We will compare the radar-observed and WRF-modeled structures of two storms observed in the summer of 2000 during the Severe Thunderstorm Electrification and Precipitation Study (STEPS). The broad goal of STEPS is to achieve a better understanding of the interactions between kinematics, precipitation production, and electrification in severe thunderstorms on the High Plains. The radar network for STEPS consisted of two research 10-cm polarimetric radars, CSU-CHILL from Colorado State University and S-Pol from the National Center for Atmospheric Research (NCAR), and the National Weather Service (NWS) radar at Goodland Kansas. The radars covered about 300 x 300 square kilometers centered about 40 km northwest of Goodland and included the climatological position of the north-south oriented dryline.

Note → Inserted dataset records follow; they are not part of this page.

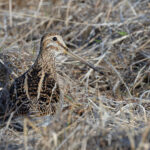 Magellanic Snipe, a variation on the snipe theme (image by Mike Watson)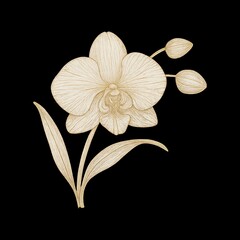Obraz premium Elegant golden orchid illustration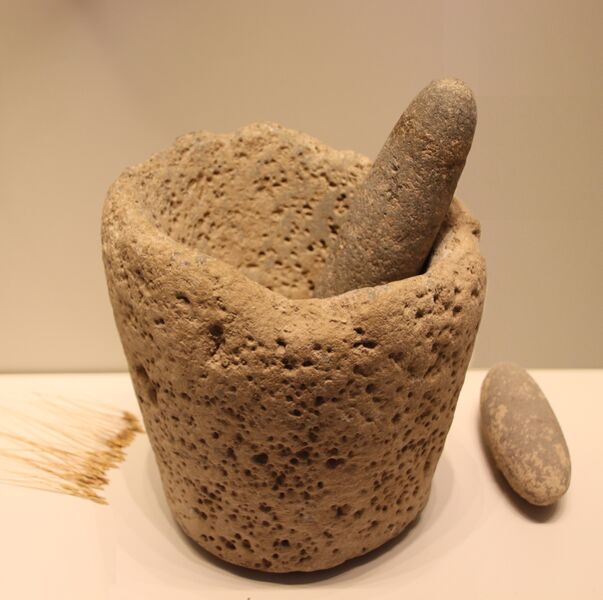 ملف:Stone Age Stone Mortar & Pestle, Kebaran culture, 22000-18000 BP.jpg
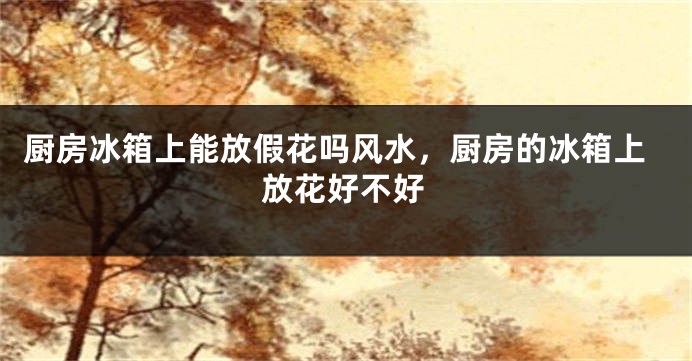 厨房冰箱上能放假花吗风水，厨房的冰箱上放花好不好
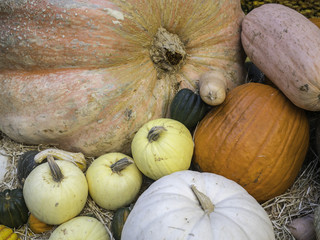 Harvest pumpkins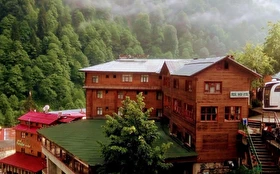 Tümü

The two storms that will be discussed represent a range of supercells from the low-precipitation (LP) end on July 5 to the more high-precipitation (HP) end on June 29. Typical Doppler-synthesized updrafts in these two storms ranged around 35-45 m/s, with the July 5 case reaching a maximum of about 65 m/s during its mature phase. Both storms exhibited localized areas of strong vorticity, and the June 29 case produced a small, but intense tornado that was on the ground for about 20 min. We will emphasize the ability (or inability) of the Weather Research and Forecasting (WRF) model with its current parameterized microphysics scheme to produce a storm with realistic precipitation, cold pool, and kinematic structures as compared to the observed features. Preliminary results suggest that the WRF model did reasonably well on the July 5 LP storm, but it has done less well on the June 29 HP storm pointing to the possible importance of the microphysics scheme in replicating the observed storm.